::: Data provided
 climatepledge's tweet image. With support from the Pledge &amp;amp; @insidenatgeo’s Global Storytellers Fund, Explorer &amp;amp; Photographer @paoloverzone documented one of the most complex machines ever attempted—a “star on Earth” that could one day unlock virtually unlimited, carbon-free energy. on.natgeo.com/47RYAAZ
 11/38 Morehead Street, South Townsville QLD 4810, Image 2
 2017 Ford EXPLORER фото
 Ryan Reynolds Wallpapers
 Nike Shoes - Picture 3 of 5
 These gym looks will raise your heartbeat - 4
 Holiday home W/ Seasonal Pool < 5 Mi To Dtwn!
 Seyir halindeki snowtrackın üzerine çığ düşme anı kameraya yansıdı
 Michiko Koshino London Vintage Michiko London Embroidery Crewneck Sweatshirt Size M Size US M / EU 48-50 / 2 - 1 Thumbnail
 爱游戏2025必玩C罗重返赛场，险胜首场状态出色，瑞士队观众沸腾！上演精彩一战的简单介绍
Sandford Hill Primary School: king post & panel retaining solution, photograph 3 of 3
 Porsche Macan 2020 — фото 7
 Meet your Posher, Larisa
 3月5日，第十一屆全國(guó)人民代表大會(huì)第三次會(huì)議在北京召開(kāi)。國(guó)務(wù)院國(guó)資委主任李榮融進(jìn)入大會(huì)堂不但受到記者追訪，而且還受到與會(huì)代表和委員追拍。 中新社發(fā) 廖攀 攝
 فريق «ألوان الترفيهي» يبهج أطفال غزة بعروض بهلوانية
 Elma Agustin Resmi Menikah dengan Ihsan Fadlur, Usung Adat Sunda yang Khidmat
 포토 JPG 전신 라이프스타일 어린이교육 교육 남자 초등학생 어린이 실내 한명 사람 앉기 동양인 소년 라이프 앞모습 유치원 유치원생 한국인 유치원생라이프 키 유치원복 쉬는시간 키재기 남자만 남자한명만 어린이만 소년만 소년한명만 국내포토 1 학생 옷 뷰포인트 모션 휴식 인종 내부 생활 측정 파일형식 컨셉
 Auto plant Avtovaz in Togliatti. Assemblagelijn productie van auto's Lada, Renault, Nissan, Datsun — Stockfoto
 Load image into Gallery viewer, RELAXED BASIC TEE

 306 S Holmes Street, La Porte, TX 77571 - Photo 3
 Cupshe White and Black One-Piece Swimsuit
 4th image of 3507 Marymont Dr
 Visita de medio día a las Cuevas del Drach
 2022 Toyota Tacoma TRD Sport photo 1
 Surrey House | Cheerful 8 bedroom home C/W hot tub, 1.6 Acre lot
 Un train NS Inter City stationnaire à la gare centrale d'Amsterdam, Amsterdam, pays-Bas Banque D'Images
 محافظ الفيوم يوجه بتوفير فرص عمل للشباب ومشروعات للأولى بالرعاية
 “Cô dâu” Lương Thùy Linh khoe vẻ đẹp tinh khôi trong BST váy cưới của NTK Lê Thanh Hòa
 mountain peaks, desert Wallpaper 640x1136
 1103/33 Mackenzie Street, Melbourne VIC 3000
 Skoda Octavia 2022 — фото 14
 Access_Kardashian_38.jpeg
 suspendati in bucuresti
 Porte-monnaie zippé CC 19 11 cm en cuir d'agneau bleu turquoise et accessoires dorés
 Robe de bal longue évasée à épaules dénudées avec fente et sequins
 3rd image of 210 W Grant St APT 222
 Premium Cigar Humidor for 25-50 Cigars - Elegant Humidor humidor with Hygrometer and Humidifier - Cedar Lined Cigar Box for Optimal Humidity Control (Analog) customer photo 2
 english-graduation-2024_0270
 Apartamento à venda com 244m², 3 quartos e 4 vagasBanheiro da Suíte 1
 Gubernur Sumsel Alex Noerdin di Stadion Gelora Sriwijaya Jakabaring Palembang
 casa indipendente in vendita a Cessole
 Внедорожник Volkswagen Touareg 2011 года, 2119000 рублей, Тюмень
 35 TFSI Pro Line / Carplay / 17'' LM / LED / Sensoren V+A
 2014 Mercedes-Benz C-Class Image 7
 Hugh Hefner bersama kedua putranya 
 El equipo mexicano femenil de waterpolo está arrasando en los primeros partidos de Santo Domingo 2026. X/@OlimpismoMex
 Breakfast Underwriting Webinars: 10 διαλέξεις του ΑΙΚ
::::::
▶ [Work item]: Would you please repeat all the entries exactly as written?

▶ [Answer for the task]:
 climatepledge's tweet image. With support from the Pledge &amp;amp; @insidenatgeo’s Global Storytellers Fund, Explorer &amp;amp; Photographer @paoloverzone documented one of the most complex machines ever attempted—a “star on Earth” that could one day unlock virtually unlimited, carbon-free energy. on.natgeo.com/47RYAAZ
 11/38 Morehead Street, South Townsville QLD 4810, Image 2
 2017 Ford EXPLORER фото
 Ryan Reynolds Wallpapers
 Nike Shoes - Picture 3 of 5
 These gym looks will raise your heartbeat - 4
 Holiday home W/ Seasonal Pool < 5 Mi To Dtwn!
 Seyir halindeki snowtrackın üzerine çığ düşme anı kameraya yansıdı
 Michiko Koshino London Vintage Michiko London Embroidery Crewneck Sweatshirt Size M Size US M / EU 48-50 / 2 - 1 Thumbnail
 爱游戏2025必玩C罗重返赛场，险胜首场状态出色，瑞士队观众沸腾！上演精彩一战的简单介绍
Sandford Hill Primary School: king post & panel retaining solution, photograph 3 of 3
 Porsche Macan 2020 — фото 7
 Meet your Posher, Larisa
 3月5日，第十一屆全國(guó)人民代表大會(huì)第三次會(huì)議在北京召開(kāi)。國(guó)務(wù)院國(guó)資委主任李榮融進(jìn)入大會(huì)堂不但受到記者追訪，而且還受到與會(huì)代表和委員追拍。 中新社發(fā) 廖攀 攝
 فريق «ألوان الترفيهي» يبهج أطفال غزة بعروض بهلوانية
 Elma Agustin Resmi Menikah dengan Ihsan Fadlur, Usung Adat Sunda yang Khidmat
 포토 JPG 전신 라이프스타일 어린이교육 교육 남자 초등학생 어린이 실내 한명 사람 앉기 동양인 소년 라이프 앞모습 유치원 유치원생 한국인 유치원생라이프 키 유치원복 쉬는시간 키재기 남자만 남자한명만 어린이만 소년만 소년한명만 국내포토 1 학생 옷 뷰포인트 모션 휴식 인종 내부 생활 측정 파일형식 컨셉
 Auto plant Avtovaz in Togliatti. Assemblagelijn productie van auto's Lada, Renault, Nissan, Datsun — Stockfoto
 Load image into Gallery viewer, RELAXED BASIC TEE

 306 S Holmes Street, La Porte, TX 77571 - Photo 3
 Cupshe White and Black One-Piece Swimsuit
 4th image of 3507 Marymont Dr
 Visita de medio día a las Cuevas del Drach
 2022 Toyota Tacoma TRD Sport photo 1
 Surrey House | Cheerful 8 bedroom home C/W hot tub, 1.6 Acre lot
 Un train NS Inter City stationnaire à la gare centrale d'Amsterdam, Amsterdam, pays-Bas Banque D'Images
 محافظ الفيوم يوجه بتوفير فرص عمل للشباب ومشروعات للأولى بالرعاية
 “Cô dâu” Lương Thùy Linh khoe vẻ đẹp tinh khôi trong BST váy cưới của NTK Lê Thanh Hòa
 mountain peaks, desert Wallpaper 640x1136
 1103/33 Mackenzie Street, Melbourne VIC 3000
 Skoda Octavia 2022 — фото 14
 Access_Kardashian_38.jpeg
 suspendati in bucuresti
 Porte-monnaie zippé CC 19 11 cm en cuir d'agneau bleu turquoise et accessoires dorés
 Robe de bal longue évasée à épaules dénudées avec fente et sequins
 3rd image of 210 W Grant St APT 222
 Premium Cigar Humidor for 25-50 Cigars - Elegant Humidor humidor with Hygrometer and Humidifier - Cedar Lined Cigar Box for Optimal Humidity Control (Analog) customer photo 2
 english-graduation-2024_0270
 Apartamento à venda com 244m², 3 quartos e 4 vagasBanheiro da Suíte 1
 Gubernur Sumsel Alex Noerdin di Stadion Gelora Sriwijaya Jakabaring Palembang
 casa indipendente in vendita a Cessole
 Внедорожник Volkswagen Touareg 2011 года, 2119000 рублей, Тюмень
 35 TFSI Pro Line / Carplay / 17'' LM / LED / Sensoren V+A
 2014 Mercedes-Benz C-Class Image 7
 Hugh Hefner bersama kedua putranya 
 El equipo mexicano femenil de waterpolo está arrasando en los primeros partidos de Santo Domingo 2026. X/@OlimpismoMex
 Breakfast Underwriting Webinars: 10 διαλέξεις του ΑΙΚ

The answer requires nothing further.